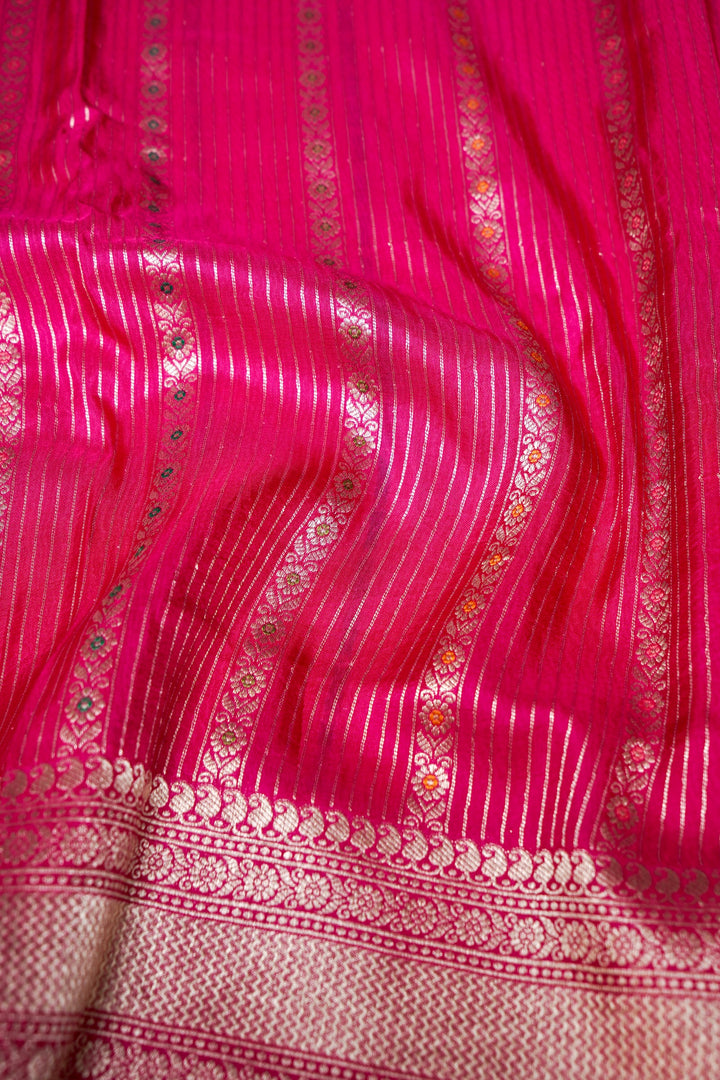 Pink Banarasi Soft Silk Bridal Saree with Meenakari Stripes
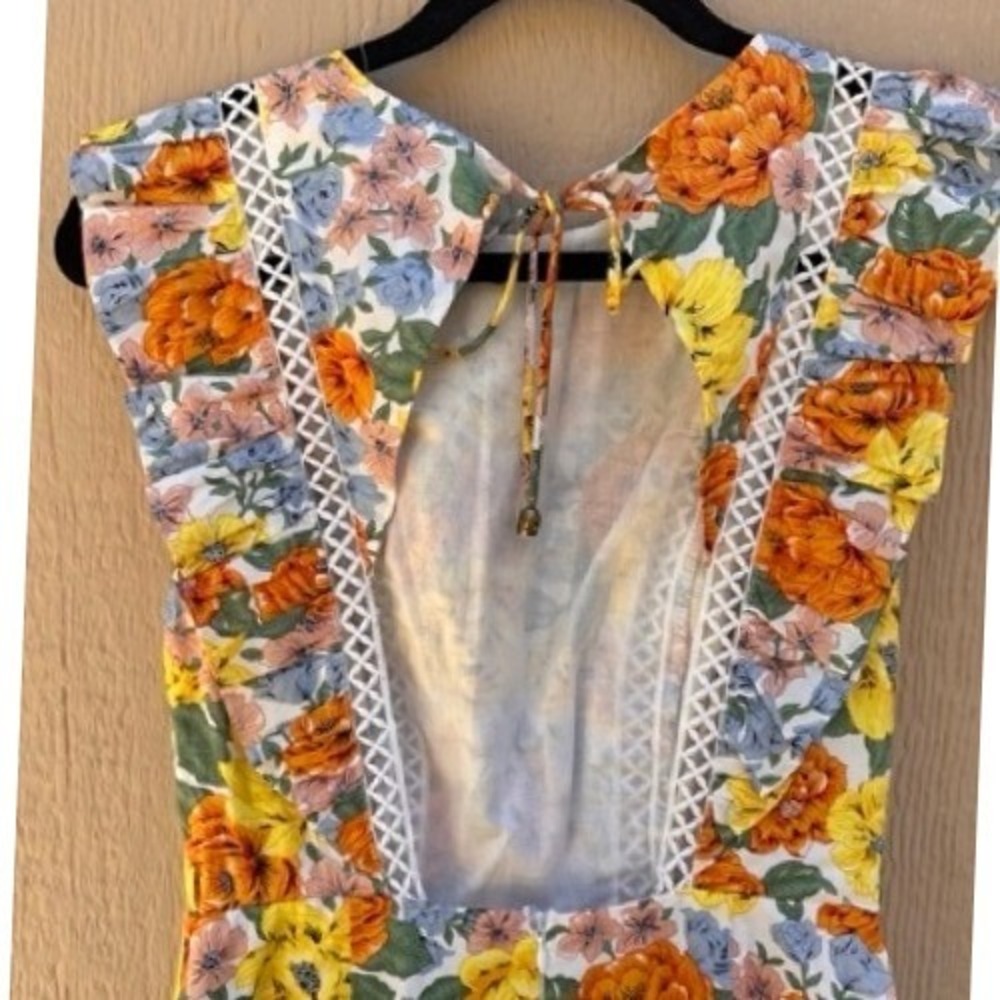Hello Molly NEW Yellow Floral Ruffle Mini Dress XS Cottagecore Garden Feminine - Picture 10 of 11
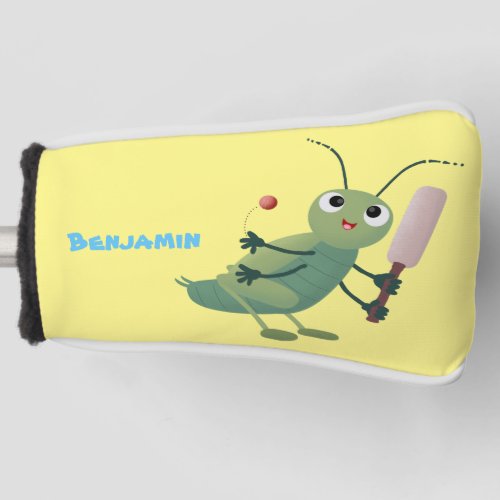 Cute green cricket insect cartoon illustration golf head cover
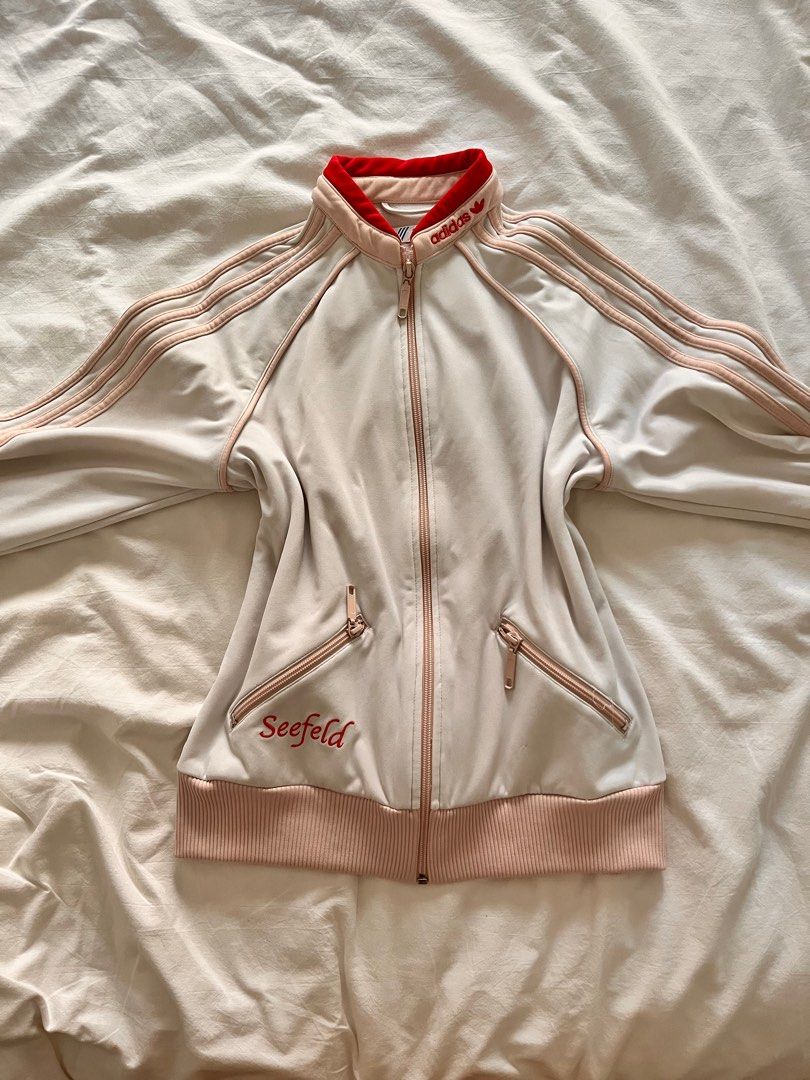 Pink adidas jacket with white stripes store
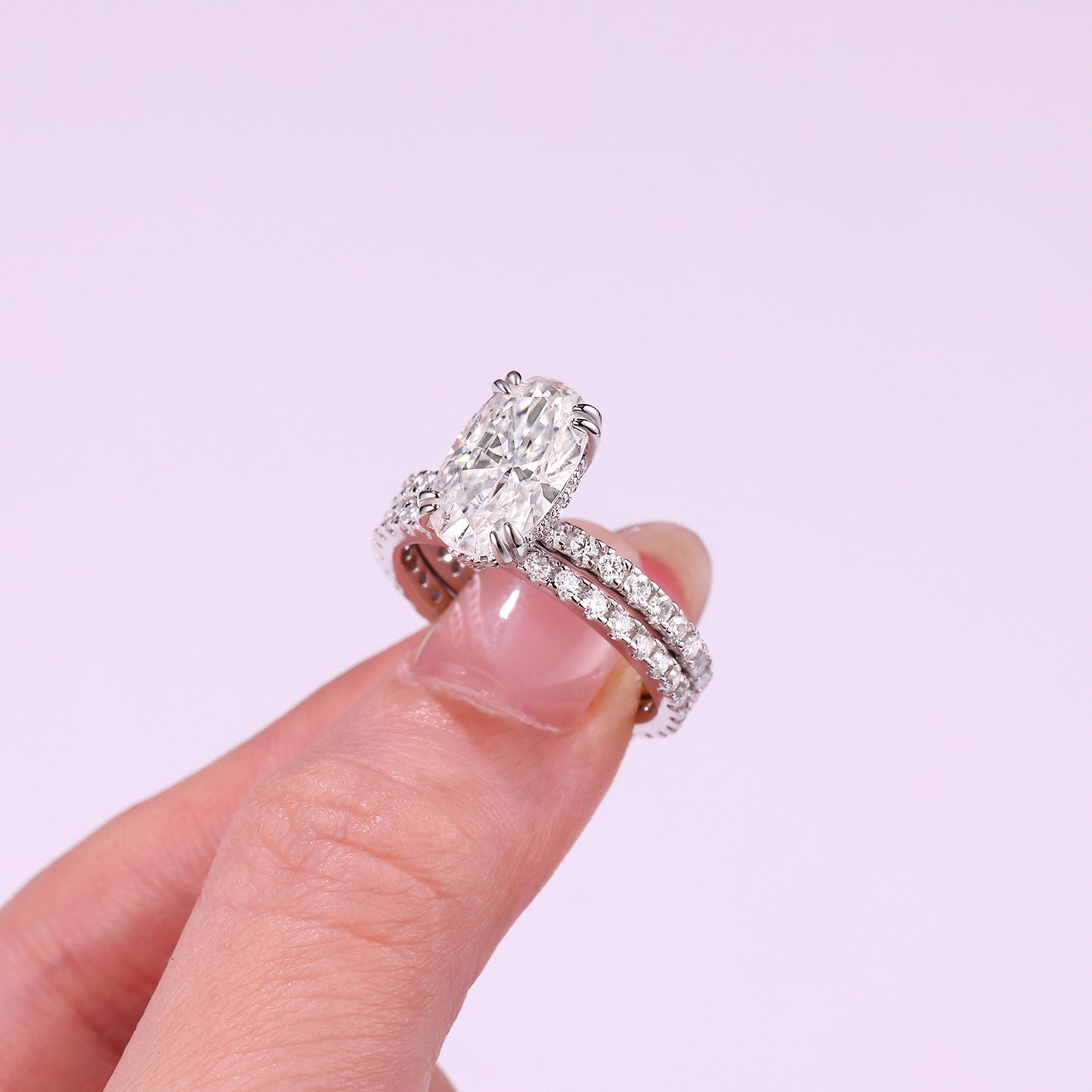 Egg-shaped Moissanite Double Rings Set With Top-quality Moissanite ,  Luxury Silver Ring S925 Silver Plated With Platinum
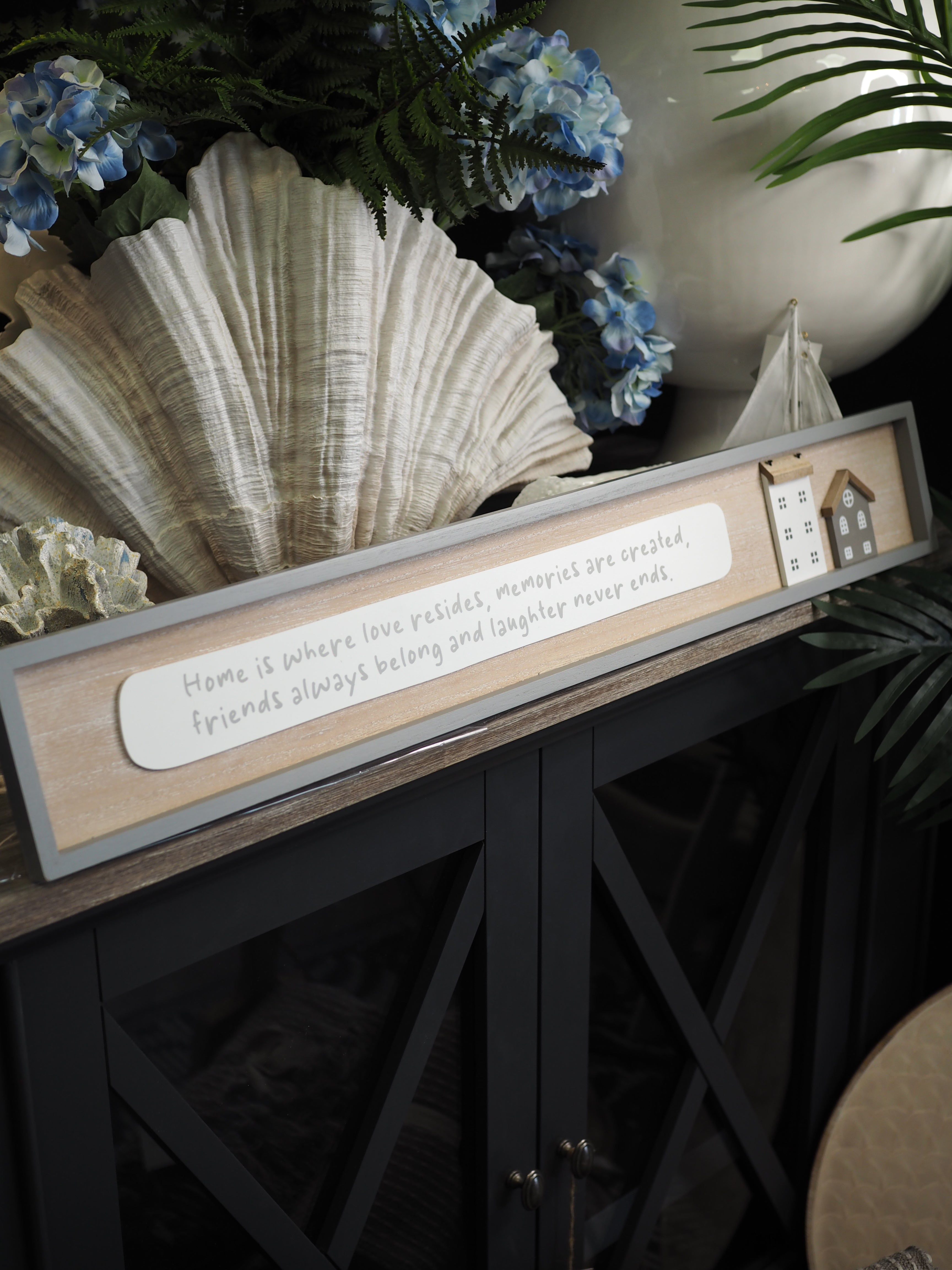 Rectangle grey border wooden sign 'Home is Where Love Resides..'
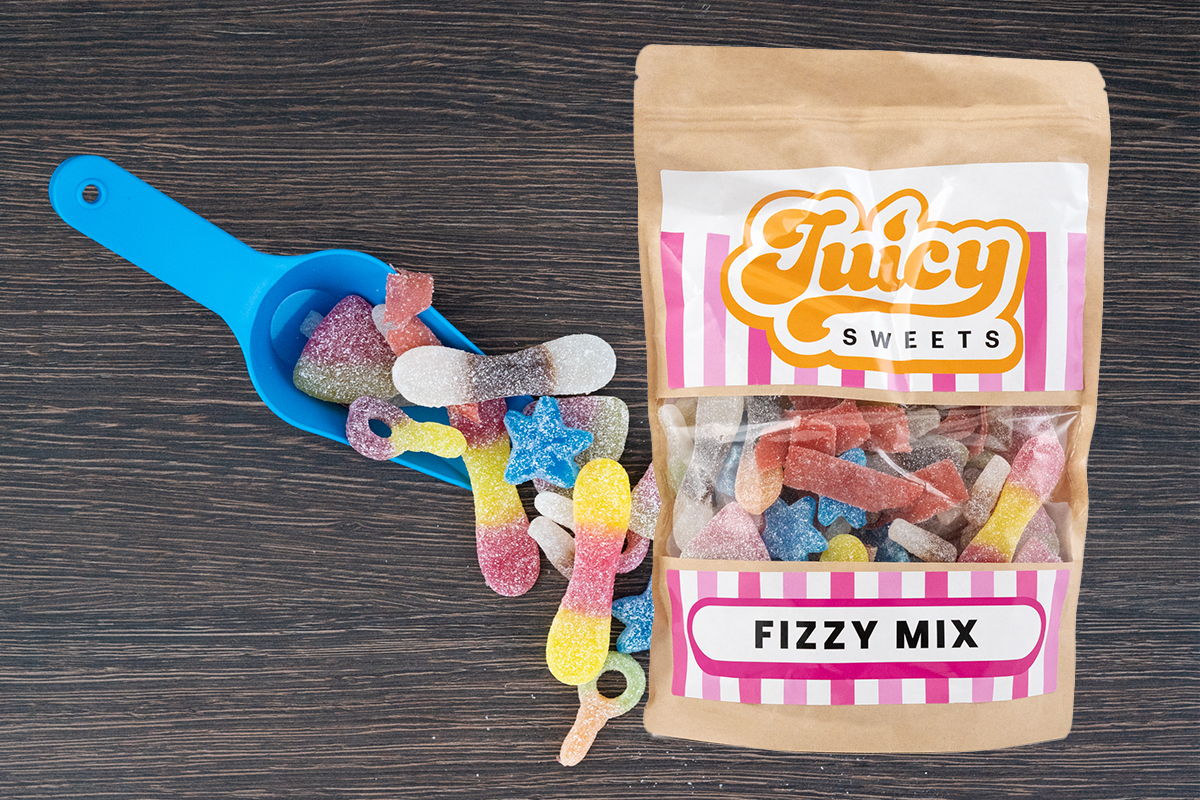 Juicy Sweets Fizzy Mix bag with sour and fizzy sweets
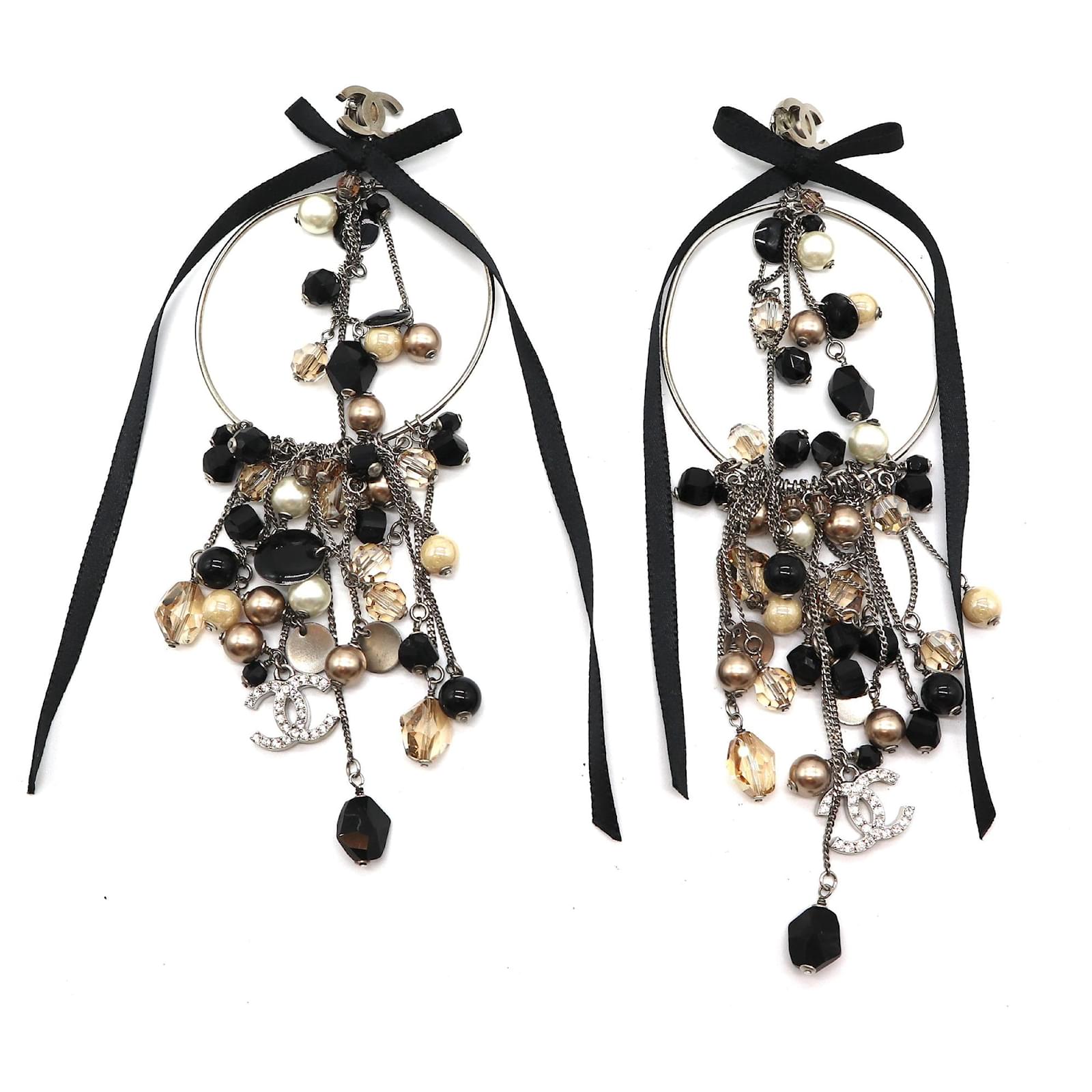 Chanel Black Out-of-this-world CC Runway Hoop Earrings Metal ref.578449 -  Joli Closet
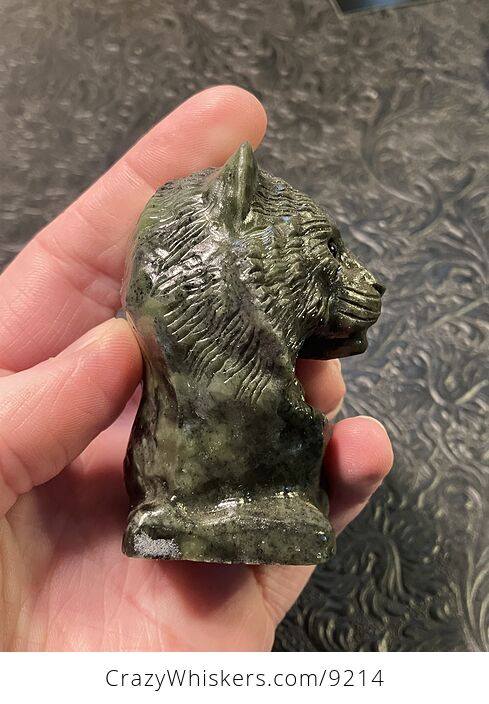 Carved Serpentine Tiger Head Bust Figurine in Dark Green Stone - #kYC73MRgwNg-5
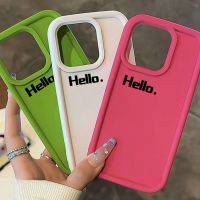 ภาษาอังกฤษเรียบง่าย HELLO 15promax เคสโทรศัพท์มือถือ iphone13pro กาวอ่อนเหลว 12 ปกอ่อน ใหม่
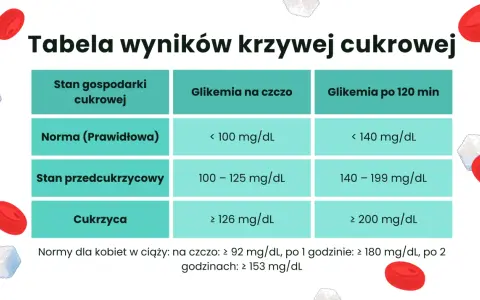 Tabela wyników krzywej cukrowej: ogtt co to? Sprawdź normy glikemii na czczo i po 120 minutach dla stanu prawidłowego, przedcukrzycowego i cukrzycy.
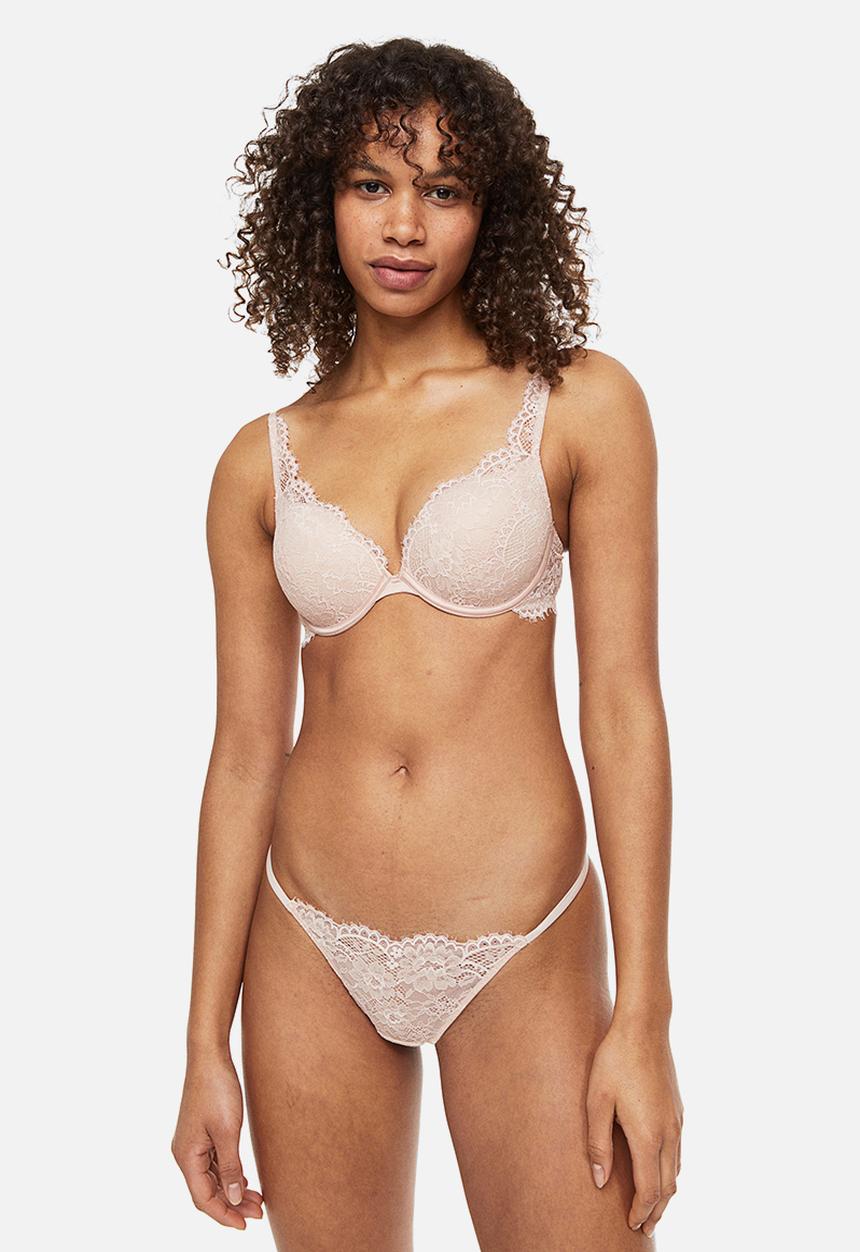 H&M - Lace super push-up bra - beige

● ● ●

Required work: Set down again, exactly, the lines from the one with "Carved Serpentine Tiger" to the last line of the data, both included and pictures excluded.

Answer section:
 Carved Serpentine Tiger Head Bust Figurine in Dark Green Stone - #kYC73MRgwNg-5
 ภาษาอังกฤษเรียบง่าย HELLO 15promax เคสโทรศัพท์มือถือ iphone13pro กาวอ่อนเหลว 12 ปกอ่อน ใหม่
 Tabela wyników krzywej cukrowej: ogtt co to? Sprawdź normy glikemii na czczo i po 120 minutach dla stanu prawidłowego, przedcukrzycowego i cukrzycy.
 H&M - Lace super push-up bra - beige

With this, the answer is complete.